** What needs to be done **
This task calls for the lines below starting at the one containing "Bir kadın konteynırdan" and ending at the one containing "Space vehicle with two astronauts toy", repeated exactly with both ends kept and pictures left out.

** Entries provided **
Content starts

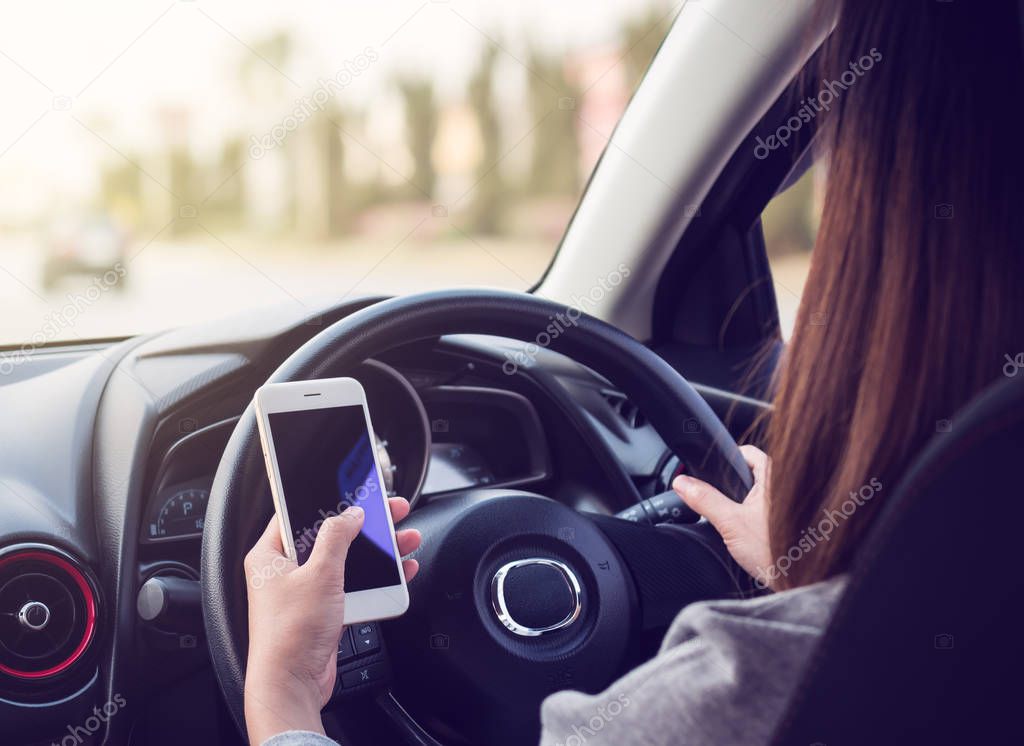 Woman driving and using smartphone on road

Content ends
Content starts

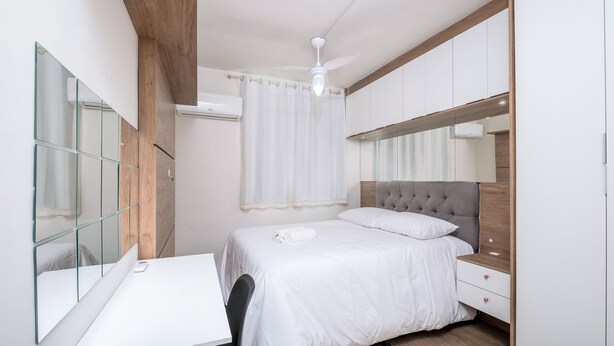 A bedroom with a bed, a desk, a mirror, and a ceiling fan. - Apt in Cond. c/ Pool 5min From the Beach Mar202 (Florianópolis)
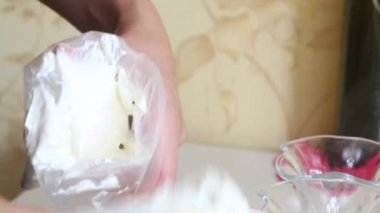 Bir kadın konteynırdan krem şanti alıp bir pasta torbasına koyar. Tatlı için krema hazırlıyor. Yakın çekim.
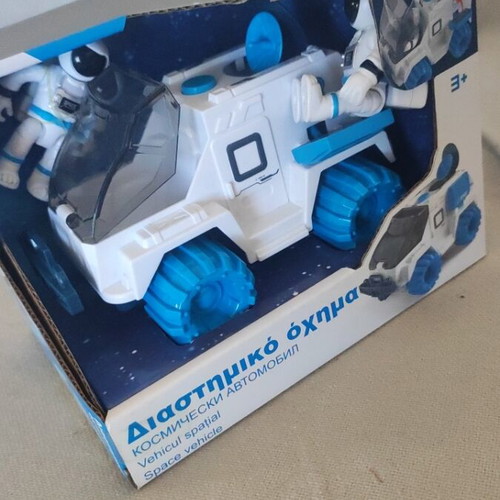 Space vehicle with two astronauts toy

Content ends

** Task response **
 Bir kadın konteynırdan krem şanti alıp bir pasta torbasına koyar. Tatlı için krema hazırlıyor. Yakın çekim.
 Space vehicle with two astronauts toy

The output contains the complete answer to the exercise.